__Assigned task__:
Skip pictures in the listing below; copy exactly the lines from the one with "Vintage Diamond Enamel Pansy Pin" through the one with "ROALK5D RO5DX, 3PACK", inclusive.

__Provided records__:

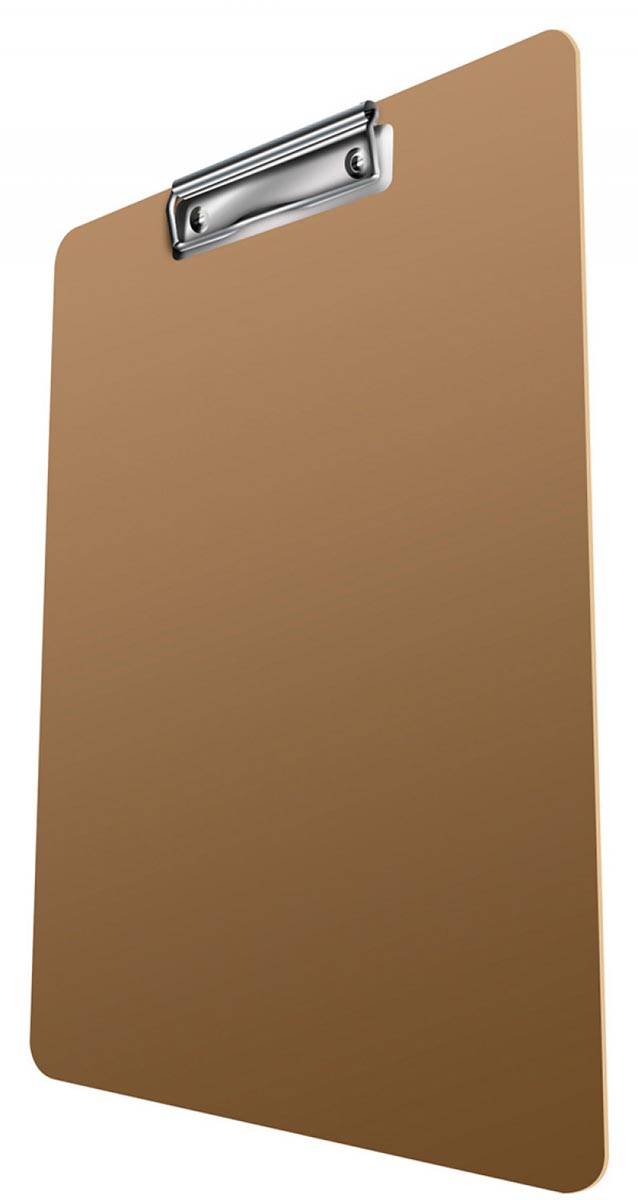 DONAU klemplaat, A4, hardboard karton, staand, bruin-oranje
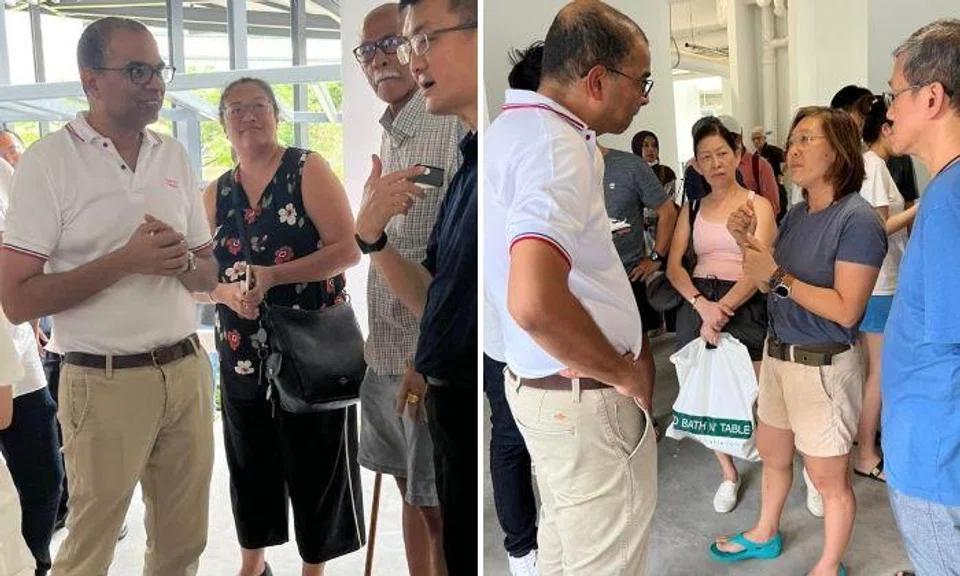 About 50 residents of Punggol Point Cove gathered as Pasir Ris-Punggol GRC MP Janil Puthucheary conducted a walkabout in their new neighbourhood on June 29.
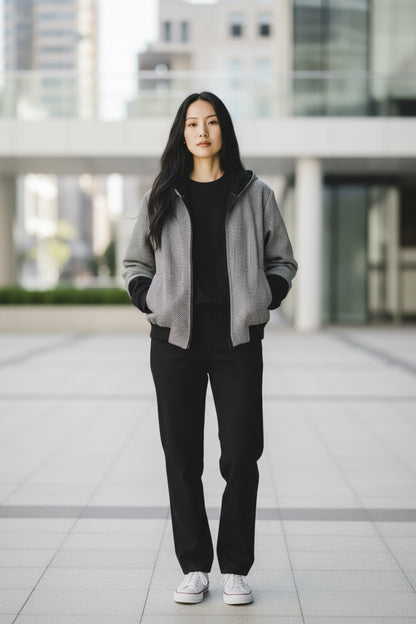 Modern Bomber Jacket with Long Contrasting Sleeves – Hooded Back, Zip Front | Made in Italy
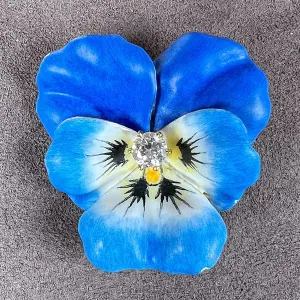Vintage Diamond Enamel Pansy Pin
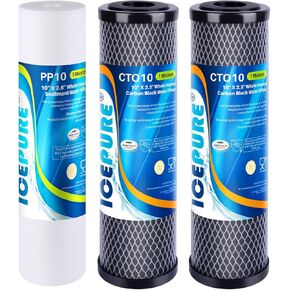 ICEPURE 10" x 2.5" Reverse Osmosis System Bottom 1-3 Stage Filter, Replacement for APEC Water System Filter Model ROES-50 ROES-PH75 RO-90 RO-Hi, ISpring RCC7AK US31 RCC7, Express ROALK5D RO5DX, 3PACK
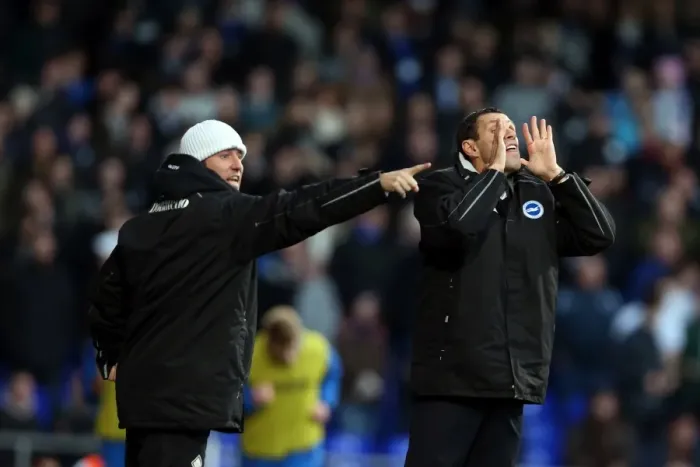 Framed Print : Gus Poyet and Mauricio Taricco: Tactical Discussion at Ipswich Town vs. Brighton & Hove Albion (1st January 2013) Framed Print : Gus Poyet and Mauricio Taricco: Tactical Discussion at Ipswich Town vs. Brighton & Hove Albion (1st January 2013)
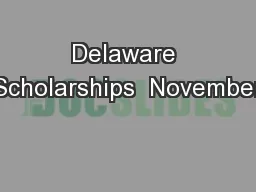 Delaware Scholarships  November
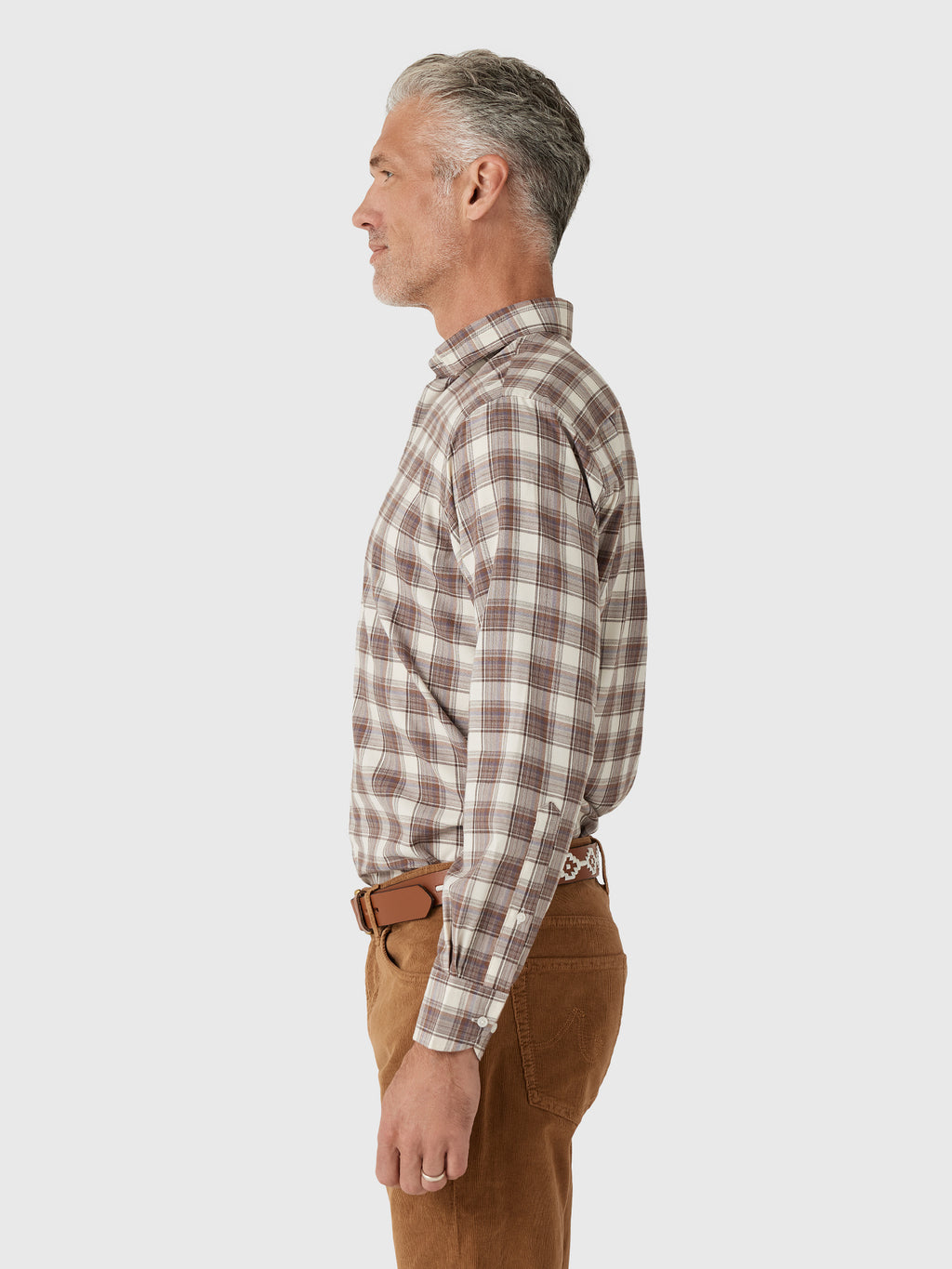 Peter Millar Crown Men's Cannon Performance Flannel Sport Shirt - Saint Bernard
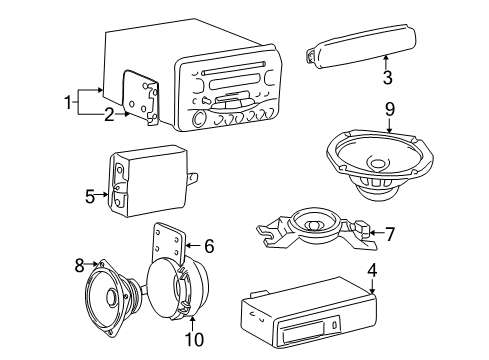 2002 Hyundai XG350 Sound System Rear Speaker Diagram for 9636039101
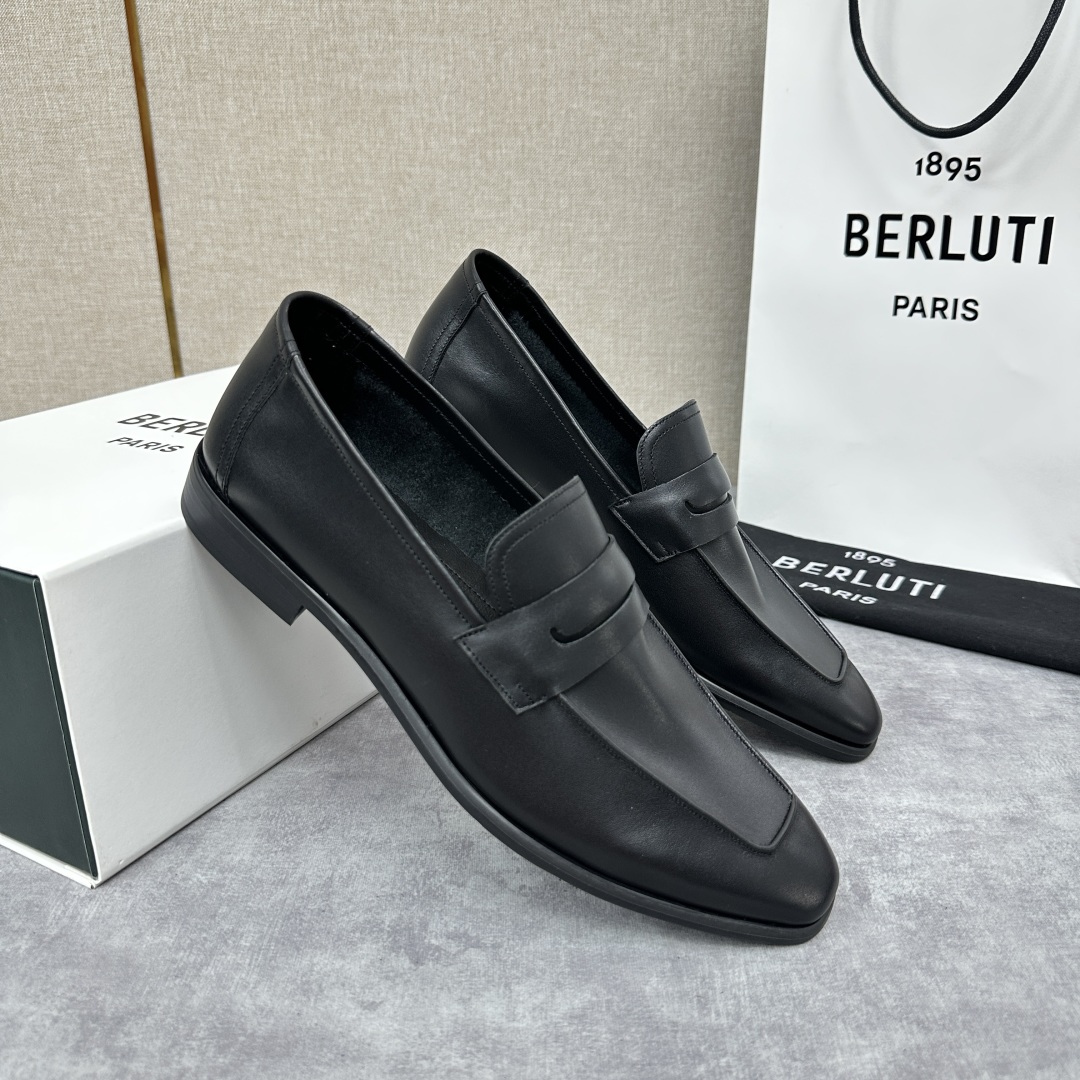 💋💍新品布鲁-提，berlut*初代Lorenzo单层小牛皮乐福鞋，经典布雷克结构法，柔软光面小牛皮胚古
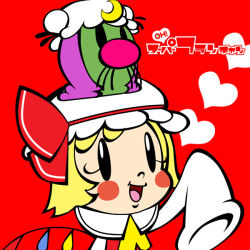 Rule 34 | 2girls, animal, animal on head, ascot, blonde hair, blush, blush stickers, chamupei, chibi, crescent moon, female focus, flandre scarlet, hat, hat ribbon, heart, long hair, long sleeves, moon, multiple girls, on head, open mouth, parody, patchouli knowledge, purple hair, red background, ribbon, short hair, side ponytail, sleeves past wrists, smile, solid oval eyes, style parody, super milk-chan, touhou, wings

__Output of the exercise__:
Vintage Diamond Enamel Pansy Pin
 ICEPURE 10" x 2.5" Reverse Osmosis System Bottom 1-3 Stage Filter, Replacement for APEC Water System Filter Model ROES-50 ROES-PH75 RO-90 RO-Hi, ISpring RCC7AK US31 RCC7, Express ROALK5D RO5DX, 3PACK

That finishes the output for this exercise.